------ Data excerpts
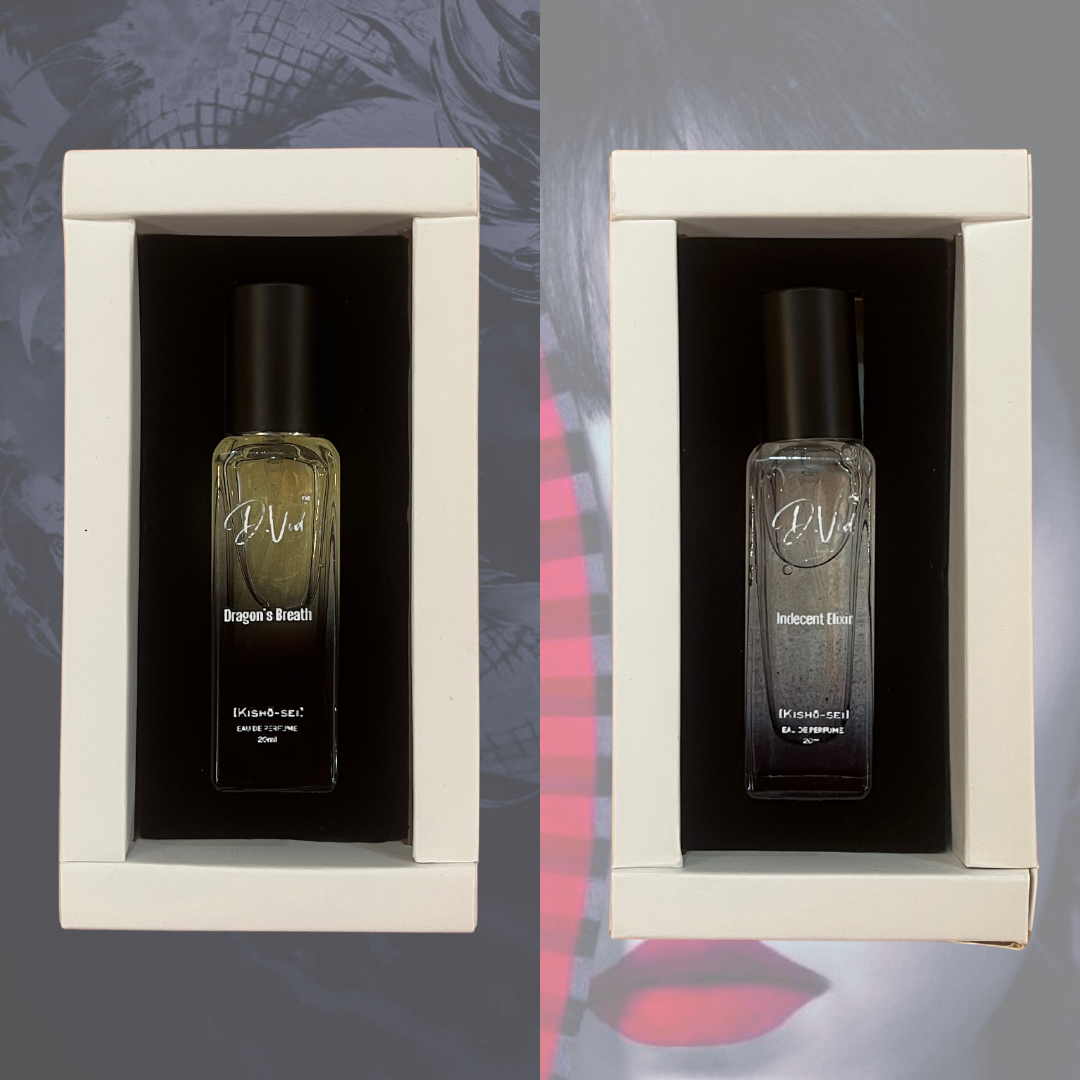 Dragons's breath + Indecent elixir spray car air freshner combo pack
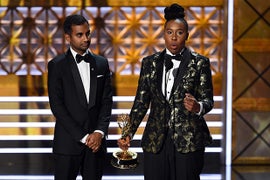 Emmys: ‘Master of None’ Star Lena Waithe Is First Black Woman to Win for Comedy Writing (Video)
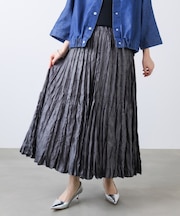 ワッシャーマットサテンスカート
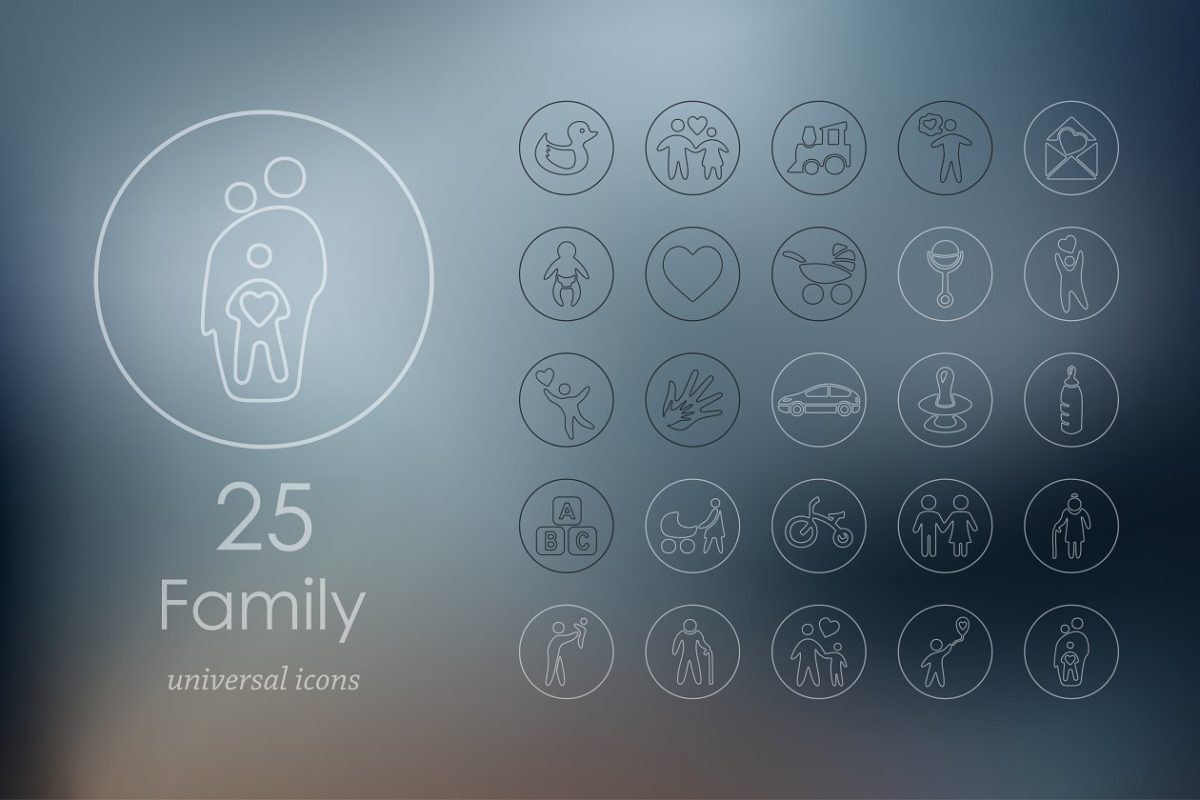 箭头元素图标 25 family icons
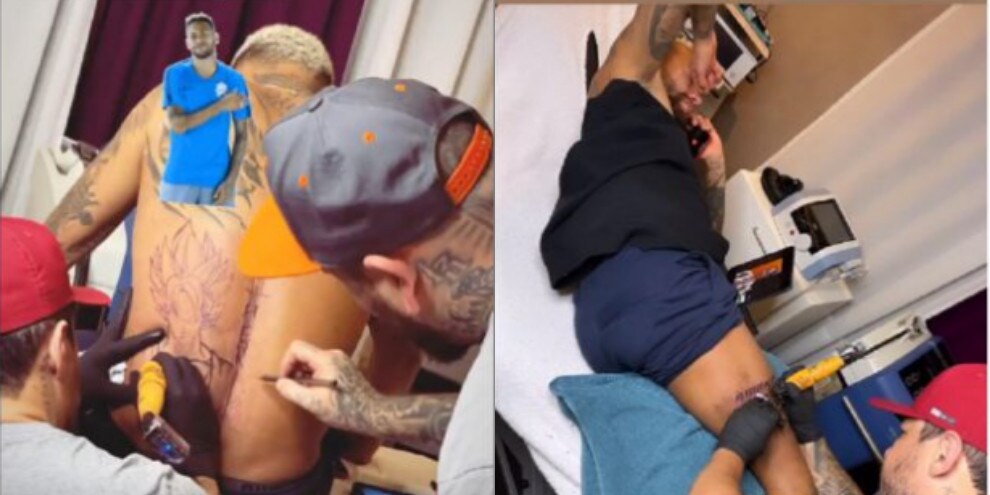 Neymar, l'ultima follia è un tatuaggio dei cartoni animati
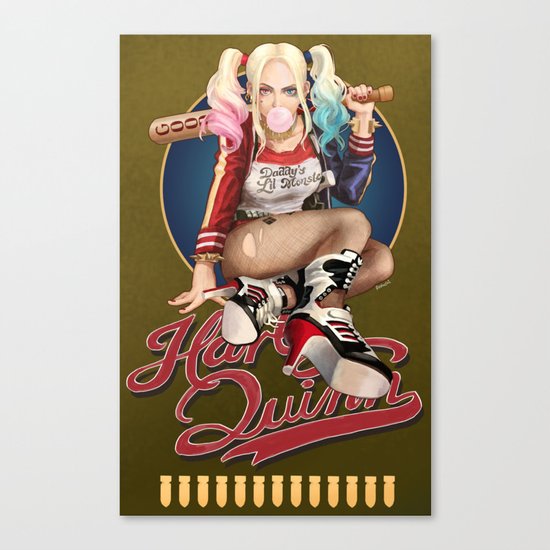 Harley Quinn Canvas Print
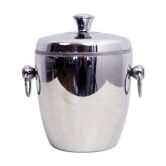 Stainless 1970s ice bucket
------------
Task goal —
For this exercise, retype exactly, and only, the lines from the line with "Harley Quinn Canvas Print" through the last line of the material above, both included. Pictures stay out.

Exercise solution —
 Harley Quinn Canvas Print
 Stainless 1970s ice bucket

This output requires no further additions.